There is indeed such a thing -- a noble and dignified and profitable thing -- as "contending earnestly for the Faith,*" but the spiritually wise will distinguish it from fleshly contention and the natural human spirit of contentiousness. Often, because of the deceptiveness of the flesh, contending for the Truth takes on the evil spirit of fleshly contention. In any difference of opinion we must be on guard against this subtle danger.
Bro Growcott - BYT 1.4.
10 A man that is an heretick after the first and second admonition reject;
This is the last command. A sad but necessary reminder that the way is narrow and against the flesh, that TRUTH IS important and must be faithfully defended, even to the point of separation when that becomes necessary.
May we, in God's love and mercy, be spared from such sad duties. But may be given the wisdom and courage to resolutely face and deal with such things when necessary-in infinite patience and kindness, but with firmness and faithfulness, realising the great and life-giving value of that Treasure which has been entrusted to our care.*
*Bro Growcott - Zealous of Good Works
11 Knowing that he that is such is subverted, and sinneth, being condemned of himself.
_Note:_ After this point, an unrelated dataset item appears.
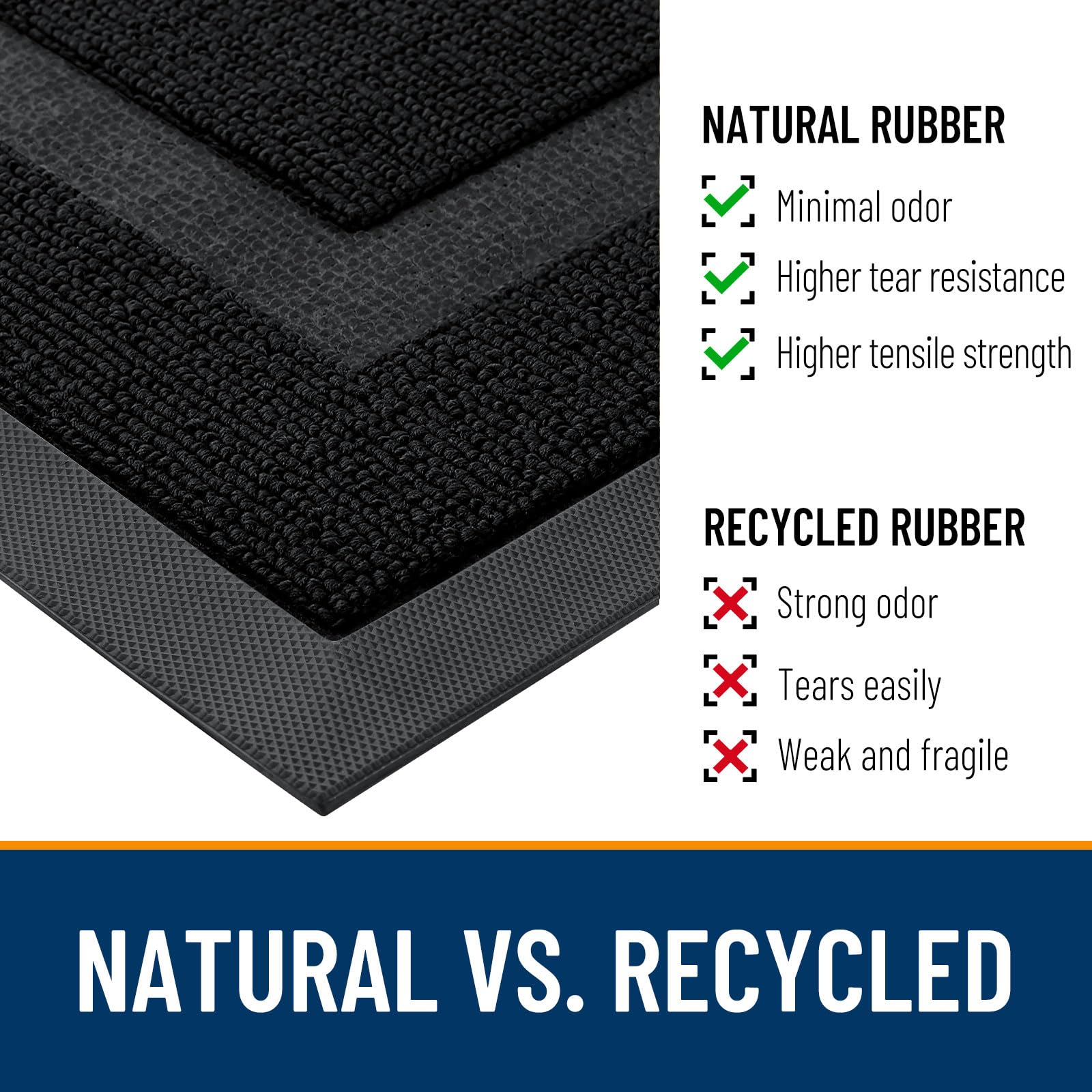 OLANLY Front Door Mat Outside 47x17, All-Season Heavy-Duty Rubber Doormat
12 When I shall send Artemas unto thee, or Tychicus, be diligent to come unto me to Nicopolis: for I have determined there to winter.
13 Bring Zenas the lawyer and Apollos on their journey diligently, that nothing be wanting unto them.
14 And let ours also learn to maintain good works for necessary uses, that they be not unfruitful.
15 All that are with me salute thee. Greet them that love us in the faith. Grace be with you all. Amen. (It was written to Titus, ordained the first bishop of the church of the Cretians, from Nicopolis of Macedonia.)